The third course was a pan seared swordfish with tamal, huitlacoche corn sauce, pickled vegetables, shaved radish and micro greens. My Swordfish was perfectly cooked with a moist, meaty texture and mildly sweet flavor that was brightened with fresh lemon. Chef Gaytan’s tamal is a blue corn masa made with over 40 ingredients including annatto which gives the deep corn flavor a light peppery note. Shaved radish partnered with the peppery flavor of the annatto while bringing a crisp, bright addition to the dish. The huitlacoche sauce was rich and earthy, reminiscent of mushrooms. Huitlacoche is a bluish- black fungus that grows directly on the corn kernel and dates back to the Aztecs. It is used in sauces, stews, soups and tamales. The depth of the corn flavor and the airy consistency of the masa paired with the earthy huitlacoche sauce was my favorite part of the dish. It has become one of my favorite food memories.

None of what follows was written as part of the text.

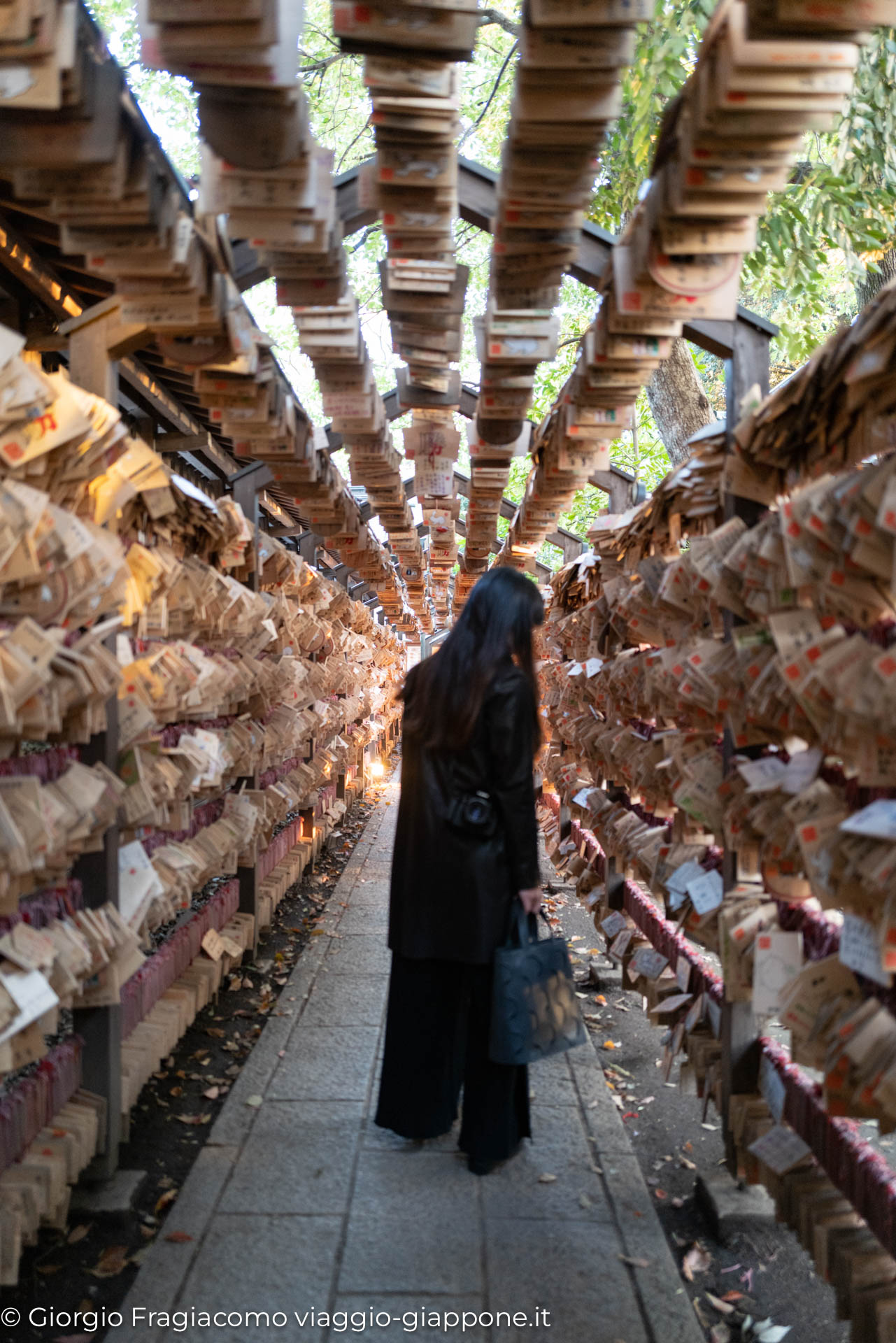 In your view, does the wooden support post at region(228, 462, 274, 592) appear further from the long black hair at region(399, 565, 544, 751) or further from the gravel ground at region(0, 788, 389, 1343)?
the long black hair at region(399, 565, 544, 751)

Our fourth course consisted of braised pork belly with a mole teloloapan, sweet potato puree, slaw, roasted Brussels sprouts with bacon crumble and cocoa nibs. The decadent pork belly was braised for over six hours and topped with a rich, 20-ingredient mole sauce. The sweet potato puree was a smooth and savory base, while the red cabbage and strawberry slaw added a tart component balancing the fatty pork belly. The roasted Brussels sprouts were perfectly cooked and sprinkled with a bacon and cocoa nib crumble that married well with the mole. Mole is a traditional Mexican sauce that varies by region and usually consists of a mixture of chiles, nuts, seeds, spices, vegetables and sometimes includes unsweetened Mexican chocolate, tomatoes and raisins or avocado leaves. I savored every last bite, and begged my server for a few pieces of bread to mop up the last drops of the mole. The deeply spiced, nutty mole paired with the rich pork belly made for a truly guilty, almost sinful, dining experience.

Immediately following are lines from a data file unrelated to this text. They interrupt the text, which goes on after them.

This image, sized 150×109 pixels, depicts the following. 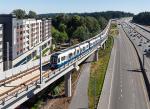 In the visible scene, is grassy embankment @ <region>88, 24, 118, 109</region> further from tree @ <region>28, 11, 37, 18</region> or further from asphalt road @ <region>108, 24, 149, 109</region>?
tree @ <region>28, 11, 37, 18</region>

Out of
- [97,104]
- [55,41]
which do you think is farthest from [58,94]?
[55,41]

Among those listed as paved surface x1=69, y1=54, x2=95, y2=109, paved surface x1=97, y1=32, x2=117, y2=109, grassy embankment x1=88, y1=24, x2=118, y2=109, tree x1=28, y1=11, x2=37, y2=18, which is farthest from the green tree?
paved surface x1=69, y1=54, x2=95, y2=109

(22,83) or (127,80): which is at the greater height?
(22,83)

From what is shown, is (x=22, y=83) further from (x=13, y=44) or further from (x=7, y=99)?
(x=13, y=44)

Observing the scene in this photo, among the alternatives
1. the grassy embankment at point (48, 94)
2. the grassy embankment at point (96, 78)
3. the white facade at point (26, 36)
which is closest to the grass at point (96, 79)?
the grassy embankment at point (96, 78)

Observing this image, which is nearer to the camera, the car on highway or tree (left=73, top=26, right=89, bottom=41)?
the car on highway

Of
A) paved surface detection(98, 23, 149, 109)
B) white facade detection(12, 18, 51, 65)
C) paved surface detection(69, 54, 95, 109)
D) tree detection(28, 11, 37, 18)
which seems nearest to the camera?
paved surface detection(98, 23, 149, 109)

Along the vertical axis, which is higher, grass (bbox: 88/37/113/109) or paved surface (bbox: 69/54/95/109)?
grass (bbox: 88/37/113/109)

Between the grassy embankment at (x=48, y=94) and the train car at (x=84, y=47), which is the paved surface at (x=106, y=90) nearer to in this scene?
the grassy embankment at (x=48, y=94) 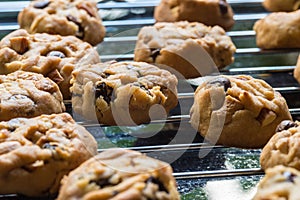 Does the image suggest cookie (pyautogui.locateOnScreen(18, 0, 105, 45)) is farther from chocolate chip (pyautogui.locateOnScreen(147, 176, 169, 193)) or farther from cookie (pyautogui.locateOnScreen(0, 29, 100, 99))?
chocolate chip (pyautogui.locateOnScreen(147, 176, 169, 193))

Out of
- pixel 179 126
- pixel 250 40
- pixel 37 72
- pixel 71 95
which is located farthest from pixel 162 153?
pixel 250 40

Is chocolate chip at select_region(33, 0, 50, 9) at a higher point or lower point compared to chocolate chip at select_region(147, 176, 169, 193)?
higher

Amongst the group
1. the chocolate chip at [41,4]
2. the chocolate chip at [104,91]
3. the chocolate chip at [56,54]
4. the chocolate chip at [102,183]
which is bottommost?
the chocolate chip at [104,91]

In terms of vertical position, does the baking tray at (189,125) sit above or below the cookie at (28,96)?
below

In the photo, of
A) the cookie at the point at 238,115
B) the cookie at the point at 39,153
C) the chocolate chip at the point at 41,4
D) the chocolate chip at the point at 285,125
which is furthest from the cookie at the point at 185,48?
the cookie at the point at 39,153

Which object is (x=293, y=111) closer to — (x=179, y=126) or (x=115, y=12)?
(x=179, y=126)

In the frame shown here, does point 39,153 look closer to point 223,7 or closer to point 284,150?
point 284,150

For the fifth course, a pan seared duck breast, fresh corn tamal and stewed spinach with a red wine reduction was served up. My duck breast was seasoned well, had a crispy skin and a juicy medium rare doneness. The tender corn tamal reminded me of a cornbread stuffing with fresh corn kernels. The stewed spinach gave a slightly bitter, vegetal note to the dish that cut through the richness perfectly. A cranberry red wine reduction with tamarind and ancho chiles added the right amount of tart, sweet, sour and spicy to the entire dish which was reminiscent of a Thanksgiving dinner.

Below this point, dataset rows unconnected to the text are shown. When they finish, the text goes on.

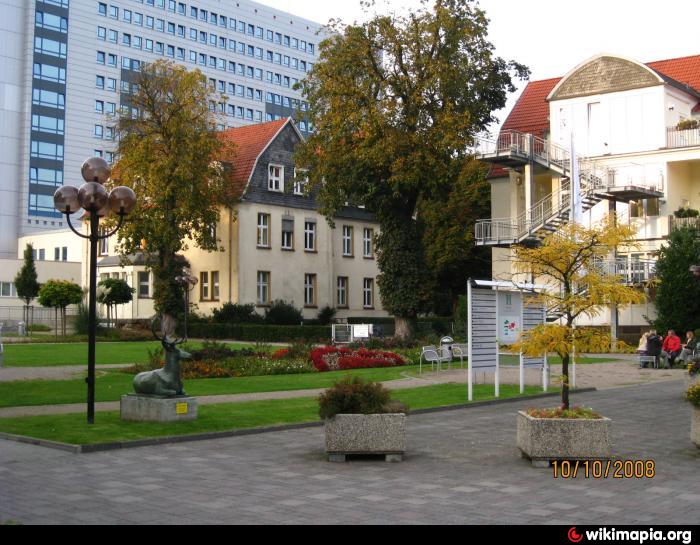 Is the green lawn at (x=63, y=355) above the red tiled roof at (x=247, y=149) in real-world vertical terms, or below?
below

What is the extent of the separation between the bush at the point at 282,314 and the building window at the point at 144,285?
9.65 metres

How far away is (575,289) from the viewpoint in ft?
39.9

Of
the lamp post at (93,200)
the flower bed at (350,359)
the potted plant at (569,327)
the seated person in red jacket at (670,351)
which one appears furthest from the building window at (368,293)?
the potted plant at (569,327)

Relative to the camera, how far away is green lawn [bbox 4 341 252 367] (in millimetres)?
29078

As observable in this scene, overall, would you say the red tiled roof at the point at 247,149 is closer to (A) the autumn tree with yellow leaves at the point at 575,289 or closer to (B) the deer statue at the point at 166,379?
(B) the deer statue at the point at 166,379

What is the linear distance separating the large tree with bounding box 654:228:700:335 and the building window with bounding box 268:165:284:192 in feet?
82.3

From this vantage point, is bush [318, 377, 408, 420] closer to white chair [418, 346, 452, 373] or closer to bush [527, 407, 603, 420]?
bush [527, 407, 603, 420]

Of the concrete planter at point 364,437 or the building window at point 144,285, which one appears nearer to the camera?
the concrete planter at point 364,437

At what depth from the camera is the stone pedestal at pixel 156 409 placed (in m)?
14.1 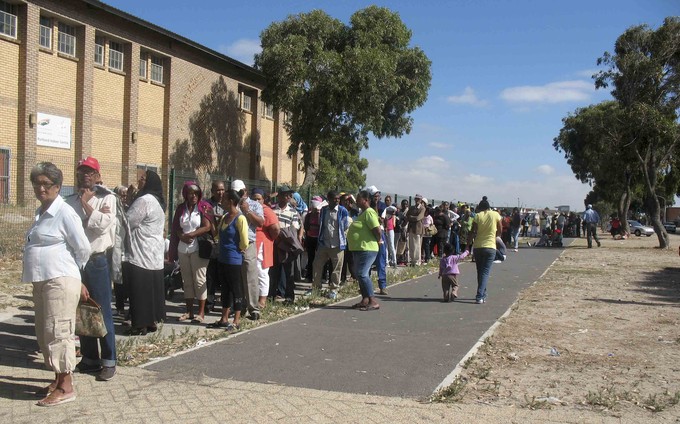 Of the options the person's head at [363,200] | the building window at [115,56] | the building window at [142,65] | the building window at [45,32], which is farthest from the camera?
the building window at [142,65]

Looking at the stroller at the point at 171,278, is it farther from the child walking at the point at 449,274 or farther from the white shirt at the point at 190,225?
the child walking at the point at 449,274

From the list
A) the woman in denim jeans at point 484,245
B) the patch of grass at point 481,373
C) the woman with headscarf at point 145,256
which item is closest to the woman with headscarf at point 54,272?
the woman with headscarf at point 145,256

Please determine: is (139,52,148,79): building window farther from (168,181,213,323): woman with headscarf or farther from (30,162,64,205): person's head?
(30,162,64,205): person's head

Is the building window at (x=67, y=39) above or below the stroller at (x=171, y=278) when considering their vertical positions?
above

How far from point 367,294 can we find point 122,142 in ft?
64.3

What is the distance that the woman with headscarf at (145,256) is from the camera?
7.28 meters

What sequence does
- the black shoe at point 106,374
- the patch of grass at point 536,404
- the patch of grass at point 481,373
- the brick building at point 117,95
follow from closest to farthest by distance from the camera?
the patch of grass at point 536,404
the black shoe at point 106,374
the patch of grass at point 481,373
the brick building at point 117,95

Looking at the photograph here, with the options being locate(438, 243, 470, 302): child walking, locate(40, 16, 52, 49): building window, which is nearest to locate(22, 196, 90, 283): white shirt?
locate(438, 243, 470, 302): child walking

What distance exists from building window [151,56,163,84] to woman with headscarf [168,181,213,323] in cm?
2118

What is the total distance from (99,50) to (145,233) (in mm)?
20258

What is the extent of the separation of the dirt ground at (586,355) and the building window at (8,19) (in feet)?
59.9

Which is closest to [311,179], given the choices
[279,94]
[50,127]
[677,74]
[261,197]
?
[279,94]

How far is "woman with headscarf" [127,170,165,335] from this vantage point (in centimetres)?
728

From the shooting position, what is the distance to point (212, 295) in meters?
9.45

The final course was a rice pudding with white chocolate ice cream and a brown sugar, cocoa powder crumble. The rice was cooked through while maintaining a firm, not soggy, texture inside a cinnamon milk custard. A smooth, rich white chocolate ice cream gave an interesting temperature contrast to the rice pudding and wasn’t overly sweet. The decadence came from the brown sugar and cocoa powder crumble that I added to each and every bite. This rice pudding was a comforting way to end the meal.
As my meal was winding down, I was lingering over a digestive of Ancho Reyes, an ancho chile liquor, when Chef Carlos Gaytan joined us at our tables. Taking time out of his busy night, he shared a bit of his story, talking with us about his food, family, heritage and philosophies of being a chef, making this a truly memorable dining experience. His final thought to us before taking a picture with all 16 members of our group was, “We can touch so many lives through our cooking and our food, so we as chefs should take that responsibility seriously and truly serve others.”